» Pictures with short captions
▼

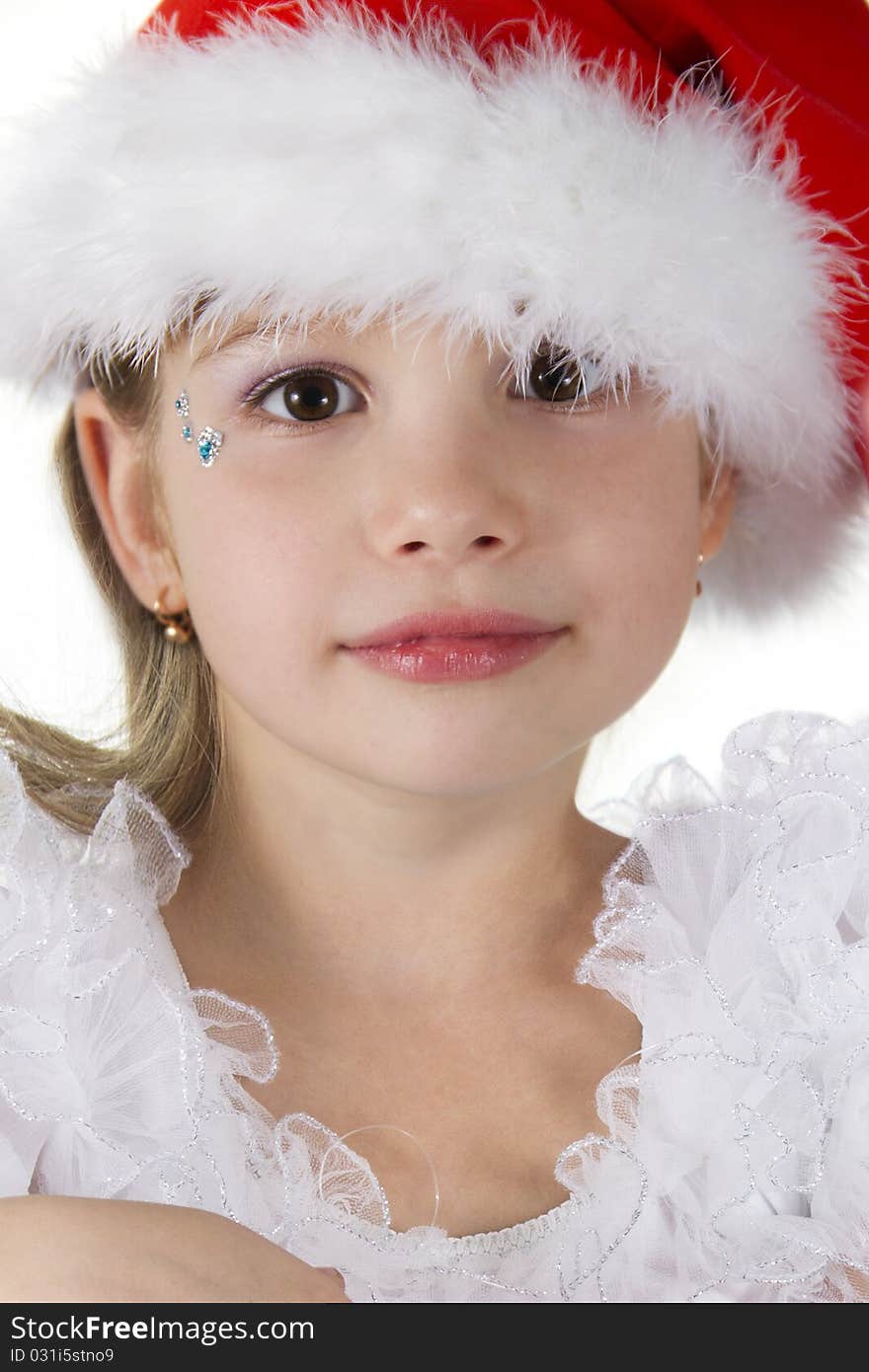 Cute little girl in claus hat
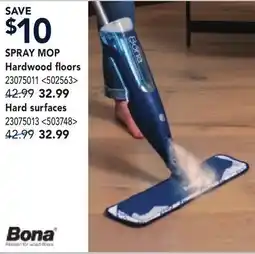 RONA BONA SPRAY MOP Hardwood Floors offer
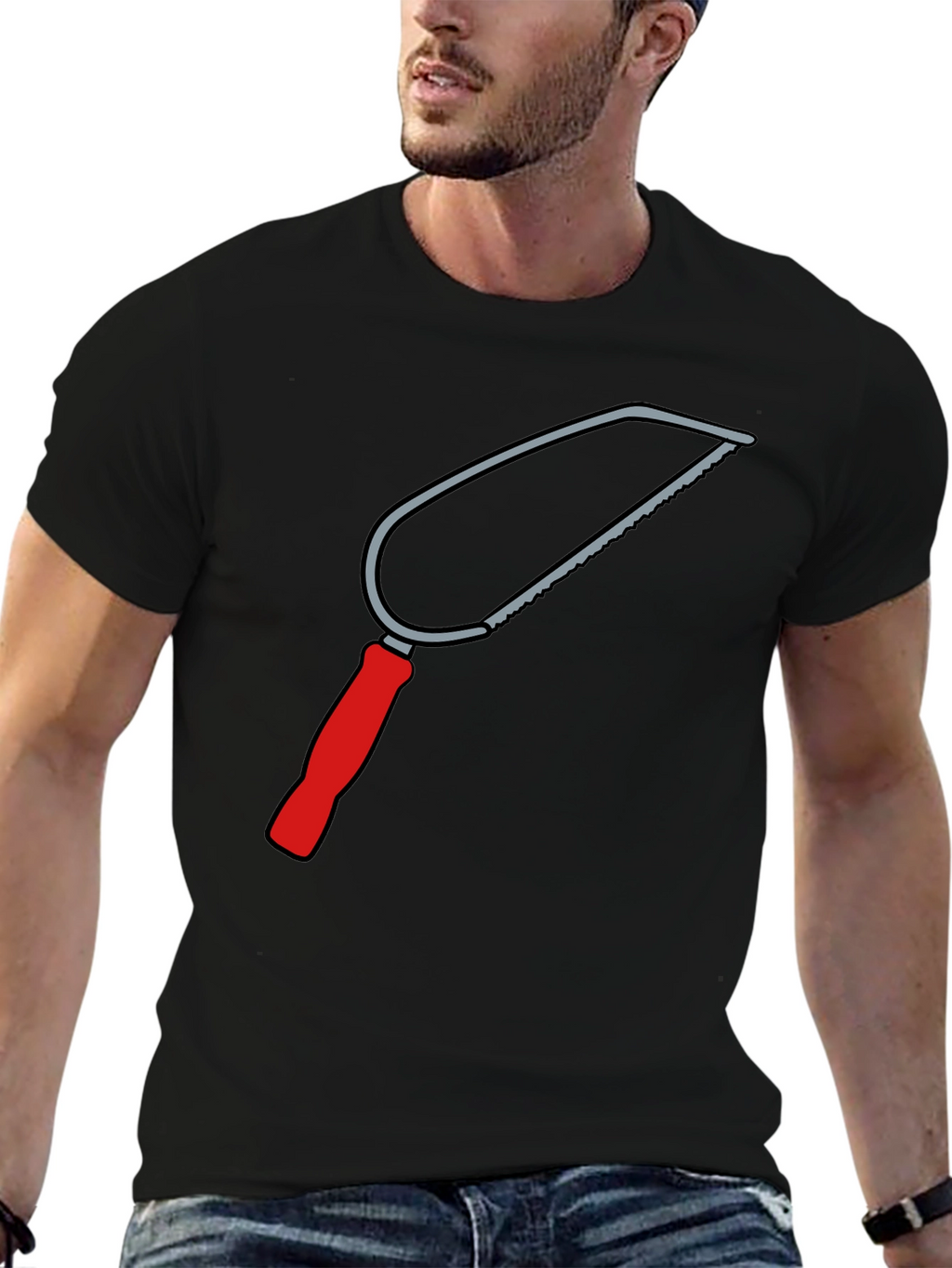 Saw Graphic Tee - Black Cotton Crew Neck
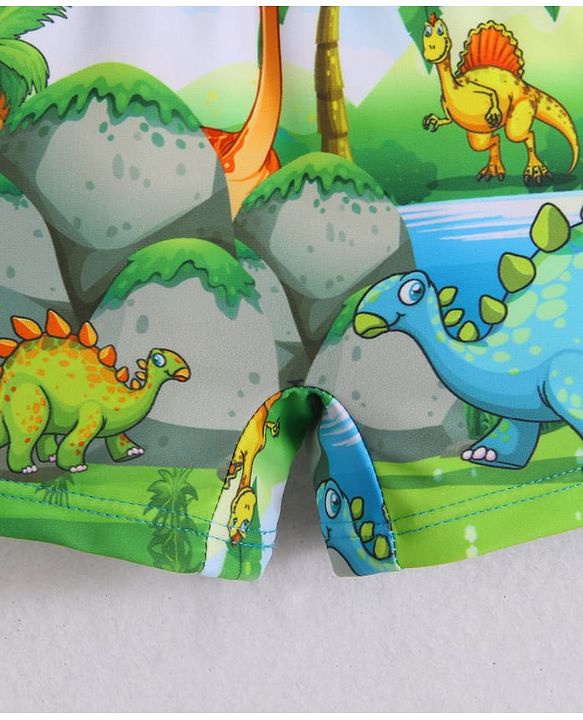 Babyhug Swimming Trunks & Cap with Dino Print - Green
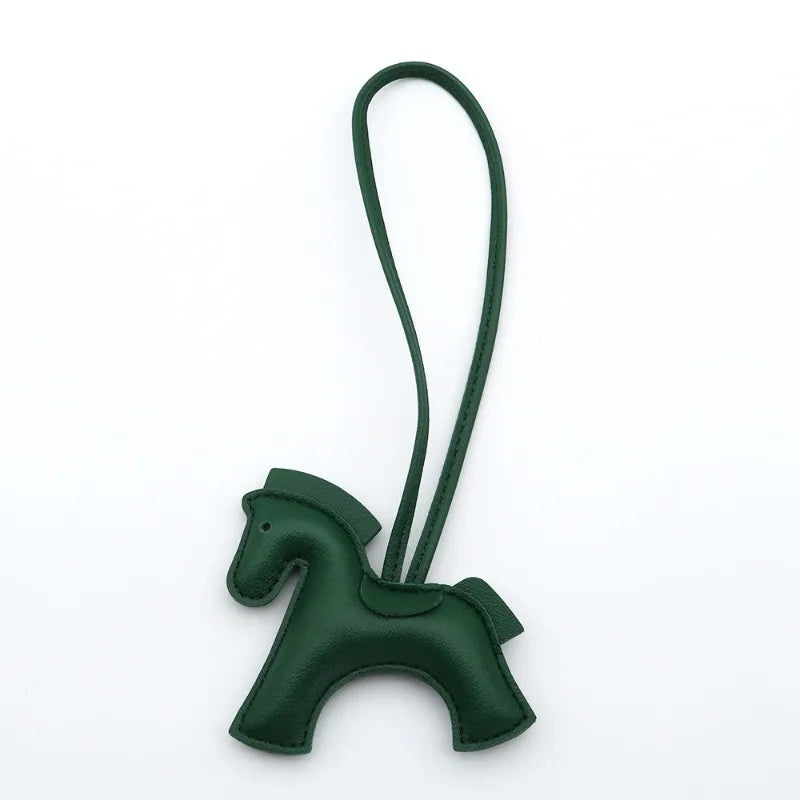 Fashion Horse Keychain All-around PU Leather Horses Embellishment for Female Car Key Chain Handbag Decoration Jewelry Gifts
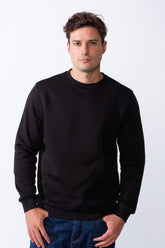 Men's Classic Crew Neck With Bold Contrast Panel On One Side Perfect For Casual Every Day Wear Slim Fit Melton Sweatshirt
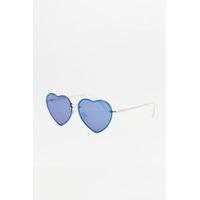 mirrored heart sunglasses blue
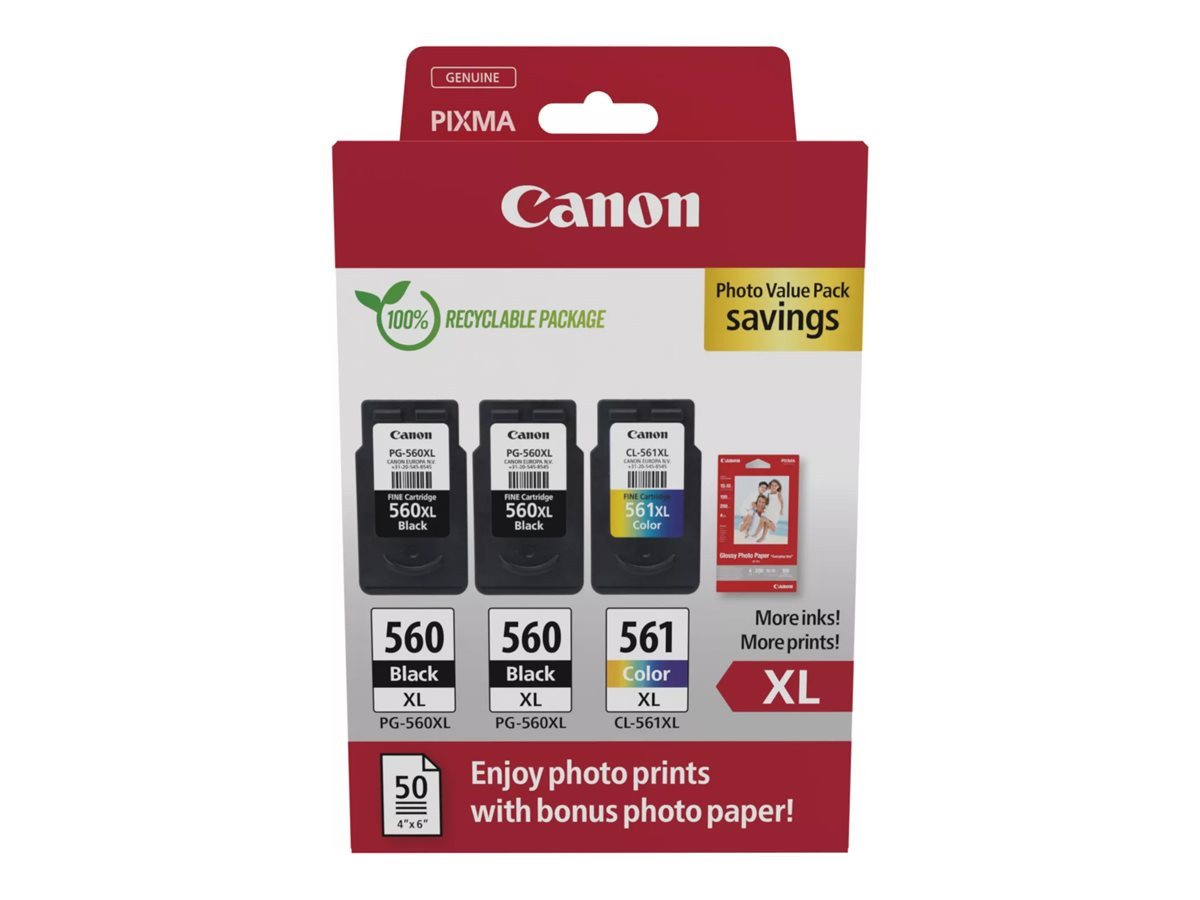 Canon PG-560XLx2 (2x14,3 ml) + CL-561XL (1x12,2 ml) + 50 lap GP501 10x15 fényes fotópapír Multipack Canon PG-560XLx2 (2x14,3 ml) + CL-561XL (1x12,2 ml) + 50 lap GP501 10x15 fényes fotópapír Multipack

▲

» Prompt
Set down word for word every line from the one containing "Saw Graphic Tee - Black Cotton Crew Neck" through the last line of the records above, both ends included. Leave out the pictures.

» Result for this exercise
 Saw Graphic Tee - Black Cotton Crew Neck
 Babyhug Swimming Trunks & Cap with Dino Print - Green
 Fashion Horse Keychain All-around PU Leather Horses Embellishment for Female Car Key Chain Handbag Decoration Jewelry Gifts
 Men's Classic Crew Neck With Bold Contrast Panel On One Side Perfect For Casual Every Day Wear Slim Fit Melton Sweatshirt
 mirrored heart sunglasses blue
 Canon PG-560XLx2 (2x14,3 ml) + CL-561XL (1x12,2 ml) + 50 lap GP501 10x15 fényes fotópapír Multipack Canon PG-560XLx2 (2x14,3 ml) + CL-561XL (1x12,2 ml) + 50 lap GP501 10x15 fényes fotópapír Multipack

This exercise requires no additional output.